Terrestrial Planet Exploration: Earth as an example



Surface features


Chemistry: ocean crust chemically different than continental crust; hydrated minerals (evidence of water); evidence of life (analysis by in situ measurements, returned samples; or remote sensing from orbiting satellite)


Cratering: craters rare on earth due to tectonism and erosion; craters most likely to be found on oldest crust (continental shields up to 2 billion years old)


Crustal ages: ocean crust youngest (less than 200 million years old and still forming by sea floor spreading); continental crust up to 2 billion years old).

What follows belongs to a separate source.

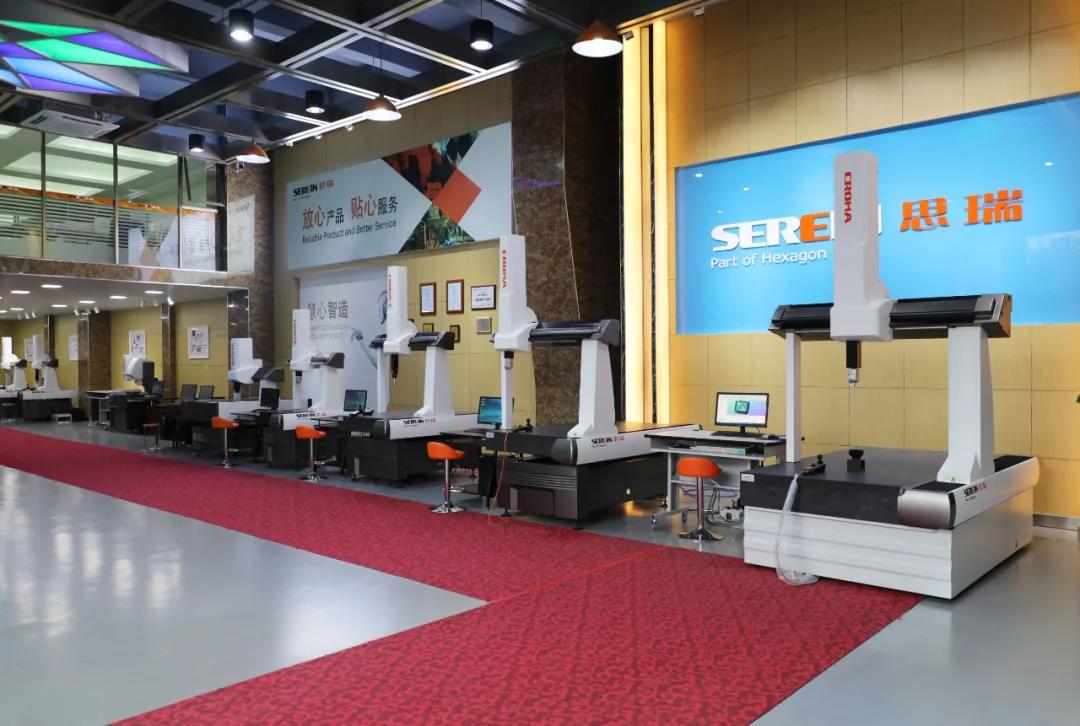 干貨分享| 關于模具測量的三坐標使用知識(圖1) 干貨分享| 關于模具測量的三坐標使用知識(圖1)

Dating transportable to other terrestrial planets  include:


                        Isotopic ratios

Crater density (theoretical relationship between age and crater density; calibrated by lunar rocks).


Bimodal surface: stripping off the water from oceans, leaves a lower lying oceanic crust, suggesting fundamental density and chemical differences between ocean and continental crust


Linear features: mountain belts, faults, morphology of sea-floor spreading and transform faults in oceans observable from both direct bathemetry measurements as well as remotely from measuring gravity variations from satellites.






Temperature profile (convecting (windy) regions have higher dT/dz)


Scale height (height at which pressure is exp(-1) x surface pressure (about 1/3 surface P)




Mass and bulk density


For planets less 3000 km or less in radius, bulk densities on the order of 3 gm/cm**3 consistent with silicates.  Larger values suggest iron enrichment.  For Earth size planets (radius 6000 km or larger) compression due to pressure needs to be factored into the analysis. 


Gravity and topography


Gravity potential: Potential shape and precession rate give moment of inertia (constraint on existence of dense core or internal homogeneity (I = 0.4 MR**2 for homogeneous sphere).  Ellipticity of potential can also be used to measure amount of “tidal despinning” (slowing down of rotation due to tidal friction).


Wavelength at which gravity correlates or  decorrelates with topography: Can measure thickness of mechanically more rigid surface layer (plate or lithosphere).


Spatial variation of gravity:  Can locate density anomalies near the surface, e.g., the masscons of Earth’s moon.




Radial discontinuities in chemistry and solid/liquid phase:  discontinuities an be identified with high precision, e.g., Earth’s crust/mantle, mantle/outer-core, and inner core/outer core boundaries.


Smaller spatial scale variations of seismic velocities: Seismic tomography (3-D image of seismic velocities) can be used to identify temperature and chemical anomalies).


Temperature and heat flow


T with depth: Characteristic temperature versus depth profile of a terrestrial planet has a step gradient (dT/dz) near the surface, which flattens when it approaches the melting temperature of the planet.  The point where this transition occurs can be used to estimate plate thickness (100-200 km on Earth).  Transition marks a change to lower viscosity, more plastic mantle.





Curie temperature: Temperature at which rocks can preserve a magnetic field is on the order of 500 deg C.  This temperature is exceeded at about 10 km beneath Earth’s surface.


Paleomagnetism: Spatial variations of the magnetic field preserved in the upper 10 km of the Earth  confirms existence of active plate tectonics, its unique form and morphology on Earth, and can map the history of plate movements.


Evidence of active dynamo: Earth has the strongest magnetic field (primarily dipole measured at surface) of any terrestrial planet.  Since temperature exceeds 500 deg C. below 10 km from surface, this field could only be the result of an internal dynamo.


Mechanism of internal : An electrically conducting fluid in motion due to either heat transport by convection due to cooling of liquid metallic outer core, radiogenic heat in the outer core, and/or solidification of Earth’s inner core. In gas giants this moving metal is hydrogen (H is a metal with free electrons at high pressure).


Planet rotation: Important in orienting the magnetic dipole nearly conincident with the geographic (rotational or “true” north/south pole).


Venus vs. Earth: Venus, in contrast to Earth, may have a weak magnetic field because it slightly smaller radius may put iron in the P-T (pressure temperature) field of solid iron throughout its core (no fluid motion in a metallic core).